Thanks so much for writing this and sharing the podcasts.
I started on the blue basic rules book and my first character was a hobbit thief just like Bilbo. Got him to 21 level before moving on to Runequst because the rules would not let me be lawful good.
Jayzus effin…
It must be our age, pal. I’m hearing a lot of nostalgia posts about the blue and red boxes…
And why not. They changed our lives.
If TSR hadn’t gone all hardcover I might have stuck with ’em. Instead I went obscure paths, and ensured I’d never have a solid game around me. Idiot.
I have the rock, though.
Wil: What would you recommend as a solid introductory core to play 4EDnD? The Basic Set, books, and this DungeonDelve? I’d be interested to hear your opinions. I’m an old school 1st Ed D&D guy who actually still owns a PH with two thieves pilfering the gem eyes of a statuesque demonic Yoda. I want to translate a lot of these old modules into 4E and DM some of them for friends. Suggestions?
I am so with you. I recall going through the “Keep” and a very wiley Dungeon Master using his skills to make us believe the hermit was to be trusted. Don’t trust the hermit!
The Keep on the Shadowfell is designed as an introduction to 4E for players and DMs.
Be warned, though, as a lot of people have pointed out: it’s lacking in some areas, especially index and some important explanations (for example, they refer to [W] damage, but never tell you what it is.
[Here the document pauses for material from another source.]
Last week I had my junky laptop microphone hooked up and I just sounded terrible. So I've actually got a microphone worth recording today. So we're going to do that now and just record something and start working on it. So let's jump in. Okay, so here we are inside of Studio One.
It stands for [Weapon] so if your character has proficiency with their weapon and get a bonus, plus the weapon is enchanted, [W] would be that much damage. At the same time, if my character is using an improvised weapon, my [W] damage with the same attack would be less. They also talk about “recharge” powers, and never make it clear that you’re supposed to roll dice at the end of each round to see if that power has “recharged” or not.)
I’d still suggest starting with it, though, just spend some time online looking for some fan-written errata or FAQs.